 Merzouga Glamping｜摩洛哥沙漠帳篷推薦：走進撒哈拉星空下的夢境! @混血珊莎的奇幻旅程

---*---

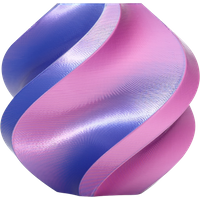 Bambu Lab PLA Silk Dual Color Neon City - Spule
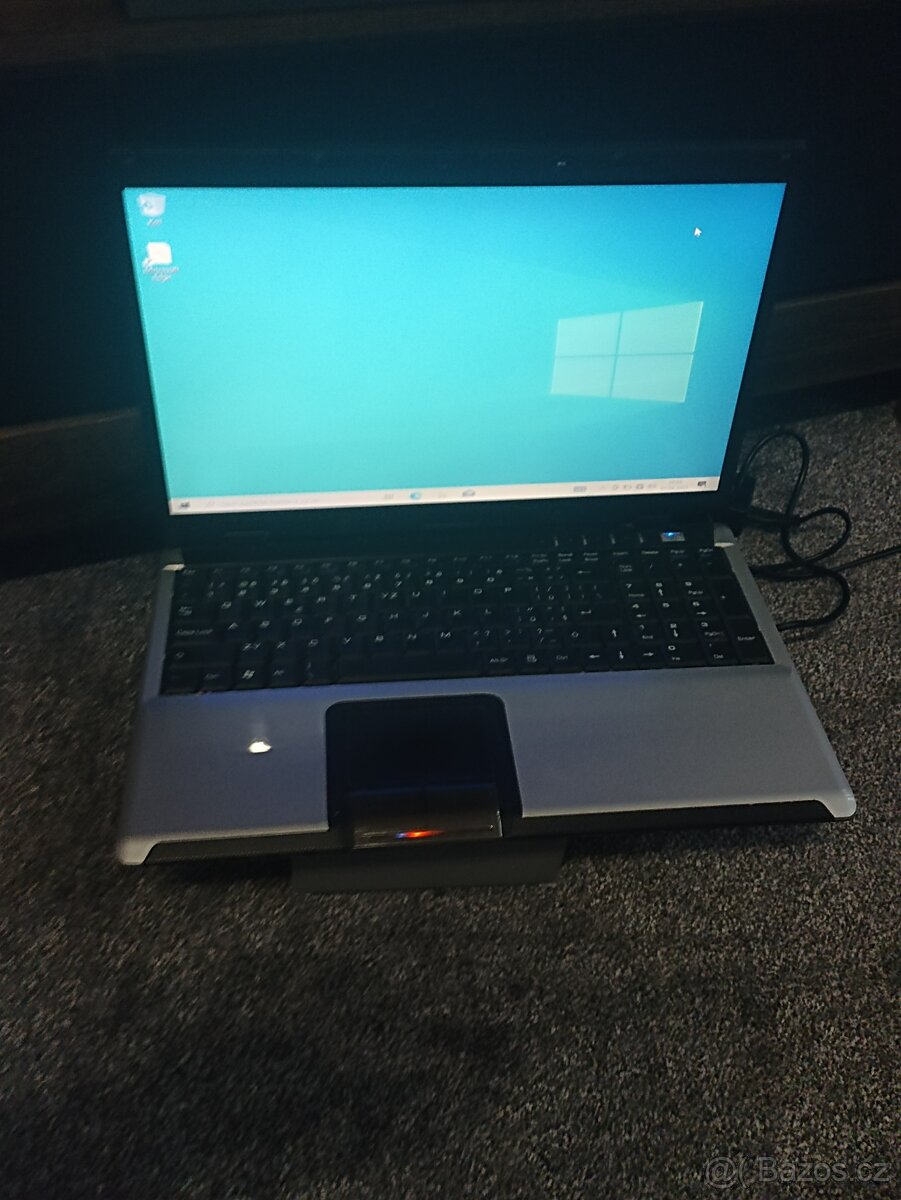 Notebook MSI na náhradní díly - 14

---*---

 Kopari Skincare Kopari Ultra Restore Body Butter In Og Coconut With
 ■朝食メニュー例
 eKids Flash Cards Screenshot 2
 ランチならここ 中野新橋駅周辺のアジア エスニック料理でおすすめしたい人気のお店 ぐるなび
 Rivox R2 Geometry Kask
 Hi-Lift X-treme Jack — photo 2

---*---

**Work required**
Go to the line in the material above that contains "eKids Flash Cards Screenshot 2" and copy exactly from there through the line that contains "Hi-Lift X-treme Jack — photo 2", stopping after it.

**Answer below**
 eKids Flash Cards Screenshot 2
 ランチならここ 中野新橋駅周辺のアジア エスニック料理でおすすめしたい人気のお店 ぐるなび
 Rivox R2 Geometry Kask
 Hi-Lift X-treme Jack — photo 2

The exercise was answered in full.